Moines dans une église gothique en ruines

En ce début de XIXe siècle, l’intérêt de plus en plus marqué pour le patrimoine malmené durant la période révolutionnaire suscite une nostalgie empreinte de lyrisme chez nombre d’artistes et d’auteurs. La concomitance entre le renouveau religieux auquel Châteaubriand contribue par son Génie du Christianisme et un goût particulier pour l’époque médiévale constitue de ce fait le ferment idoine à la réalisation des scènes de genres baignées d’historicité propres au mouvement « troubadour ». Principalement connu pour ses paysages et vues d’architectures comme celles peintes à la demande de Louis- Philippe pour Versailles, Charles-Caïus Renoux expose régulièrement au Salon de 1822 à 1843. Très vite ses vues d’intérieur ou de plein air agrémentées de petits personnages lui valent un grand nombre d’admirateurs dont le fondateur du musée de Cluny. Par ailleurs, son talent pour peindre la nature et les ruines va lui permettre de prendre part à la grande publication commencée en 1820 sous la direction du Baron Taylor, Voyages Pittoresques et Romantiques dans l’ancienne France, en collaborant au volume dédié à la Bretagne. Le tableau du musée de Grenoble révèle les vestiges d’une église gothique envahie d’une végétation sauvage dans laquelle le peintre introduit des pèlerins devant un tombeau, l’un avec le bourdon, bâton béni symbolisant la défense de la Foi, auquel est suspendu la calebasse remplie d’eau, l’autre vêtu de son pourpoint.
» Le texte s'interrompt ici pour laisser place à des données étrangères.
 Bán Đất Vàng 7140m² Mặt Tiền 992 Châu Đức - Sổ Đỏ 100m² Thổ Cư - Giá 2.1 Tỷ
Les deux personnages sont judicieusement mis en valeur par la pointe de l’ombre triangulaire que l’artiste a fait naître sur le sol de la droite vers la gauche. Le monde terrestre ainsi mis en forme, le regard se porte naturellement vers l’arrière-plan, monde céleste baigné de lumière qui s’ouvre sur une nature sauvage animée de petits personnages. Au-delà de la vision symbolique de la nature et de l’esprit, il se dégage de cette œuvre une poésie délicate caractéristique de l’esprit « troubadour » dont Renoux est l’un des acteurs les plus marquants.